Your argument about "reasonable definition" I don't buy. 95% of
authors only give pseudo-names, which are often real name of other
people whom they are not. The identification of most of the authors
requires their user page as well, or to refer to "the user who used
the pseudonym of John Smith on Wikipedia" in which case the references
are back to Wikipedia and we might as well send everything there. It
is a reasonable definition these days to tell people where they can
find the information they require online. Countless instruction
manuals and safety notices do this now. We say there are authors who
deserve credit and where to find them. I think thats better than
pretending a list of names and IPs means much to anyone.

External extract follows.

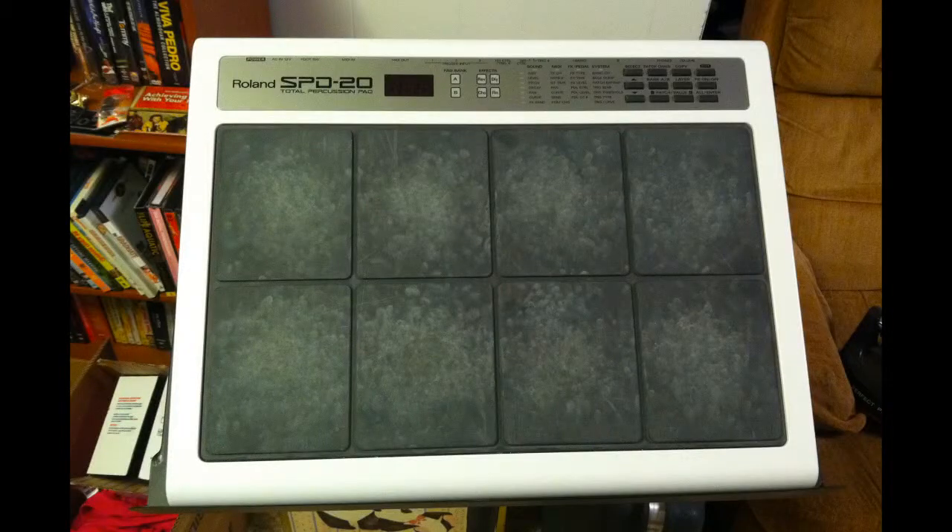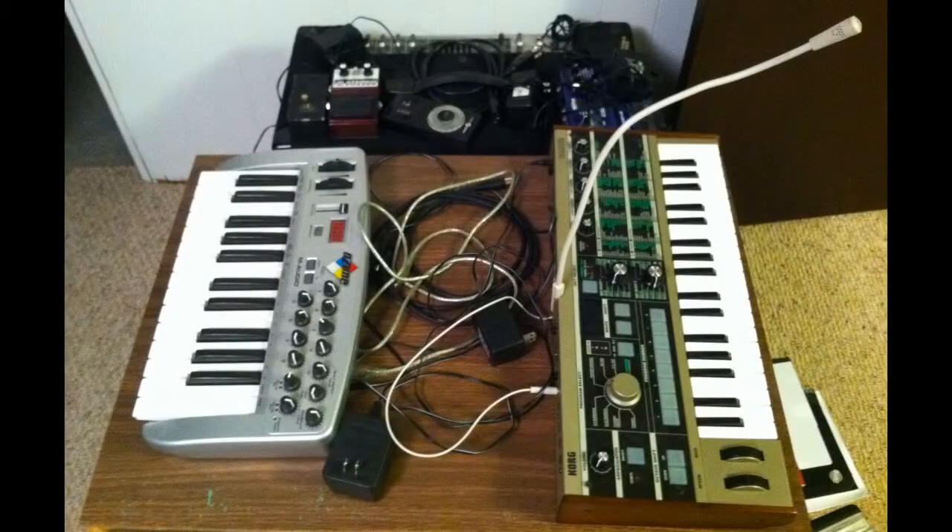At home, for more toys to tinker with, I have a Roland drum pad, which has some synth sounds on there as well. I've got a MicroKorg keyboard, which does a lot of synth stuff. I've got an M-Audio MIDI controller, which I can run into my computer. And I also have a Behringer amplifier.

For transparency ref comments on "censoring" we could give the URL to
the exact version number of the article we used, as an article
history.
Beyond this I don't think further effort increases the compliance. But
I repeat my comment I am serious about wanting feelgood for
contributers. Perhaps there is a way of doing this sensibly.
Andrew
On Fri, Oct 24, 2008 at 12:56 PM, Thomas Dalton <thomas.dalton(a)gmail.com> wrote:
2008/10/24 Andrew Cates
<Andrew(a)soschildren.org>rg>:
This is the third time these questions have
turned around just on this
project. We ARE erring on the side of caution which is why we have all
the image pages (unlike others...).
I wouldn't mind doing more but I would question the value of useless
gestures. For example if you say who wrote what is irrelevant I can
get a list of the 60,000 editors including IP addresses who have
edited any of these articles and add it as plain text at the foot of
the license page (similar to the German DVD model) but does that
really help?
It would be far better (and no harder) to include a separate list for
each article. That way you avoid worrying about the "Is Wikipedia a
single GFDL work or a collection of GFDL works?" debate.
The legalities of the GFDL are so confusing and ambiguous that they
are best ignored for the most part. Just try and follow the spirit of
the license, which includes that attribution is required. Telling
somebody how to find the list of authors in a place they can't access
is not attribution by any reasonable definition.